# What is required
All of the data, word for word and free of pictures, is the expected result.

# Dataset content
◆ ◆ ◆ ◆ ◆ ◆ ◆

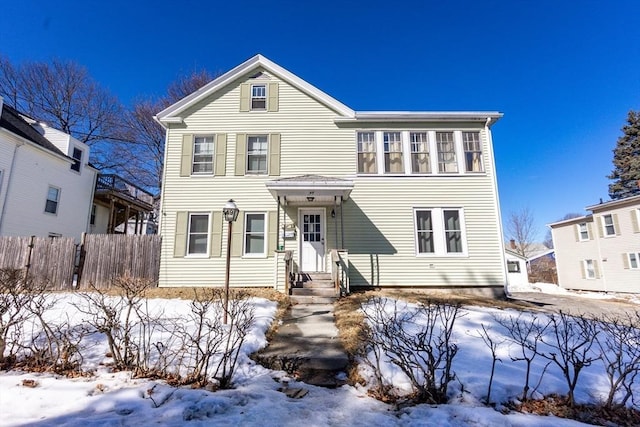 view of front of home featuring fence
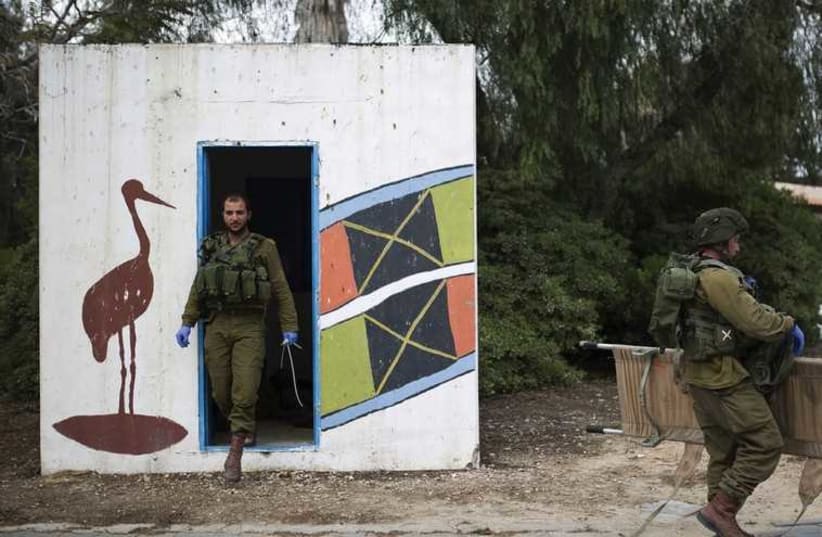 SOLDIERS LEAVE a bomb shelter in Kibbutz Mefalsim during a surprise drill near the border with the Gaza Strip on Sunday. (photo credit: REUTERS)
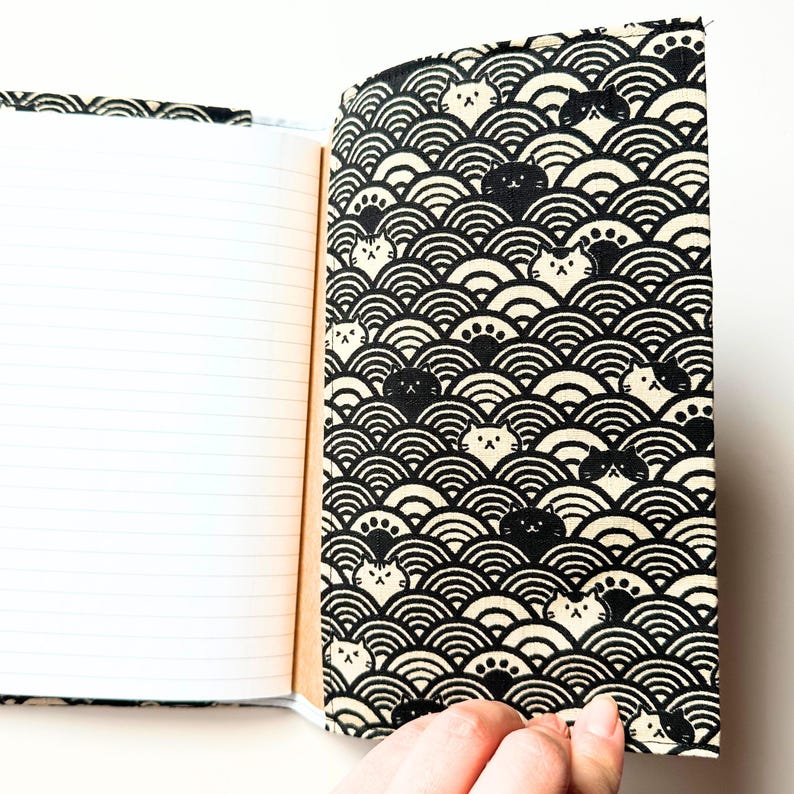 Puede incluir: Cuaderno abierto con p&aacute;ginas rayadas. La cubierta presenta un patr&oacute;n en blanco y negro de olas estilizadas y caras de gatos. El cuaderno se sostiene abierto, revelando las p&aacute;ginas en blanco.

◆ ◆ ◆ ◆ ◆ ◆ ◆

# Response area
 view of front of home featuring fence
 SOLDIERS LEAVE a bomb shelter in Kibbutz Mefalsim during a surprise drill near the border with the Gaza Strip on Sunday. (photo credit: REUTERS)
 Puede incluir: Cuaderno abierto con p&aacute;ginas rayadas. La cubierta presenta un patr&oacute;n en blanco y negro de olas estilizadas y caras de gatos. El cuaderno se sostiene abierto, revelando las p&aacute;ginas en blanco.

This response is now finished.